Bayu menyampaikan, foto-foto yang dipajang dalam pameran ini merupakan hasil liputan mendalam para jurnalis dari 3 daerah, yakni Kalimantan Timur, Maluku Utara, dan Jawa Barat. Dari 30 bingkai foto itu, 5 di antaranya merupakan hasil karya jurnalis AJI Samarinda yang cukup membetot perhatian.
Karya Kartika Anwar yang berjudul 'Proyek IKN Dikebut, Warga Pemaluan Krisis Air Bersih' ini, mengangkat realitas keras kehidupan warga di lapangan.
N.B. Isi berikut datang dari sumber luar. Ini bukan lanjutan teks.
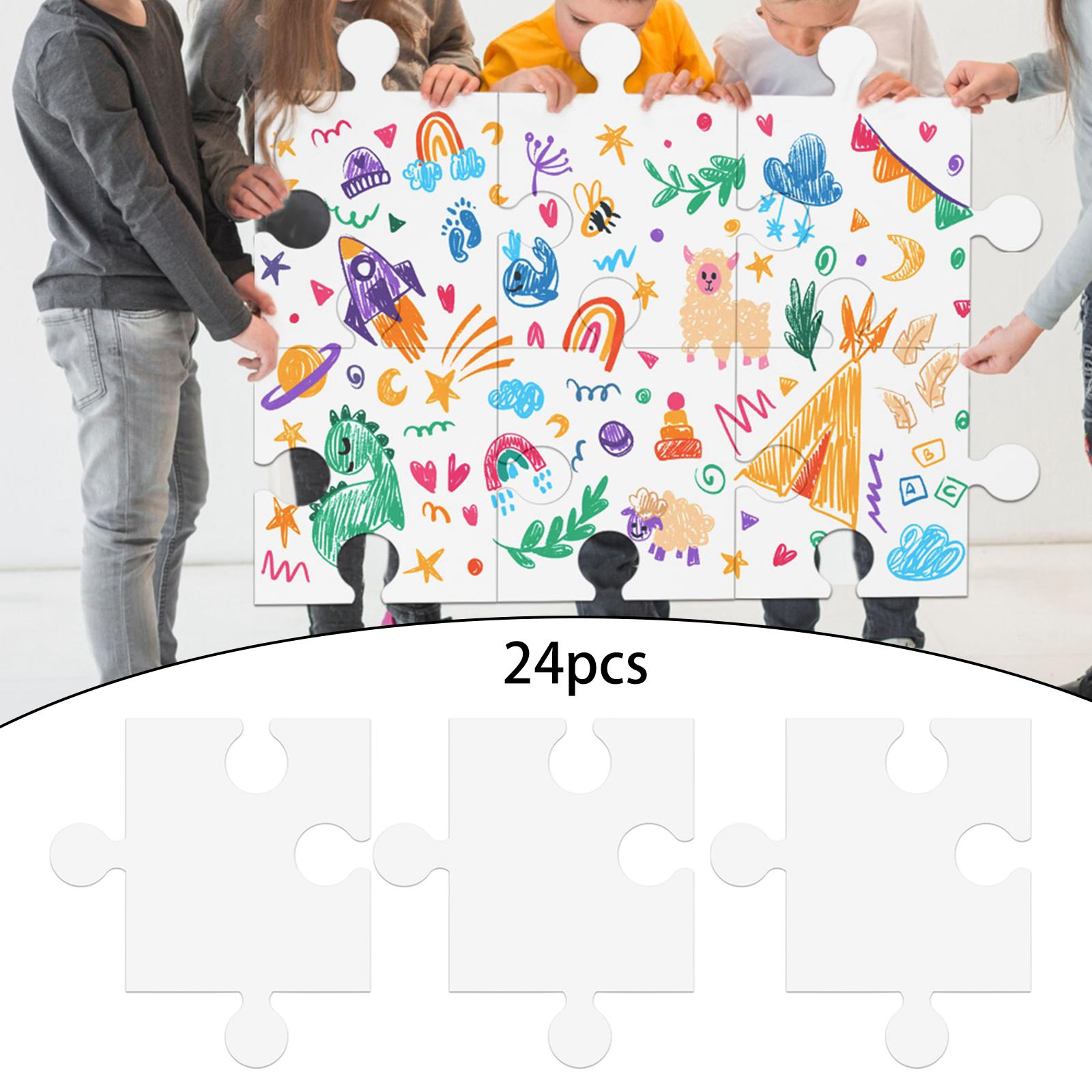 Puzzle Blank White - Quebra-cabeça em branco para crianças e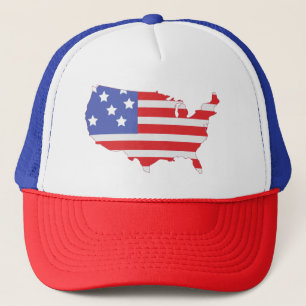 Casquette de baseball patriotique rouge, blanc et 
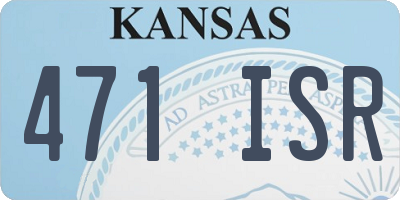 KS license plate 471ISR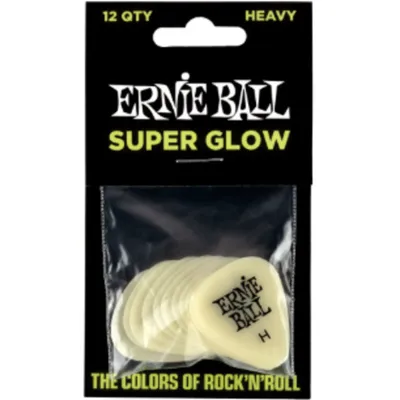Produktbild von Ernie Ball P09226, Zellulose, Gelb, Abbildung, Standard, Sichtverpackung, 12 Stück(e)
Dia menggambarkan betapa sulitnya akses air bersih bagi warga yang tinggal di sekitar proyek pembangunan Ibu Kota Negara.
Selain itu, 2 karya lainnya milik Fitri Wahyuningsih di Kalimantan Timur juga menggambarkan dampak ekologis yang menghancurkan lingkungan sekitar akibat proyek pembangunan IKN. Foto itu diberi judul 'IKN Dikebut Debu Bikin Semaput' dan 'Hancurnya Sungai Pemaluan Akibat Pembangunan IKN'.
Tak hanya itu, karya Lutfi Rahmatunnisa, yang berjudul 'IKN Gilas Tanaman Herbal Suku Balik' dan 'Trobos Tanah Warga demi Ambisius Bandara VVIP IKN', menunjukkan bagaimana proyek ambisius pemerintah ini meminggirkan masyarakat lokal dan mengabaikan hak-hak mereka.
Sementara dari Maluku Utara, seperti foto Mahmud Ici, tentang kuburan warga Gemaaf, Halmahera Tengah, yang dibikin di pekarangan rumah lantaran terjadi perampasan lahan oleh perusahaan tambang sehingga tak ada lagi untuk perkuburan umum.
Kemudian foto Rian Hidayat Husni ihwal banjir di Halmahera Tengah yang terjadi akibat perusahan-perusahan tambang yang datang beroperasi. Ditambah foto Fadli Kayoa di Obi, Halmahera Selatan, tentang pembongkaran hutan yang dilakukan perusahaan tambang.
Di Jawa Barat, ada karya Virliya Putricantika meliput soal kereta cepat di Tegalluar dan Panel Surya di Waduk Cirata. Dan ada juga karya Anza Suseno yang mengangkat soal PLTU di Pelabuhan Ratu Sukabumi serta Abdulla Fikri Ashri yang mengangkat perjuangan perempuan petani Indramayu memperjuangkan energi bersih akibat beroperasinya PLTU di Indramayu.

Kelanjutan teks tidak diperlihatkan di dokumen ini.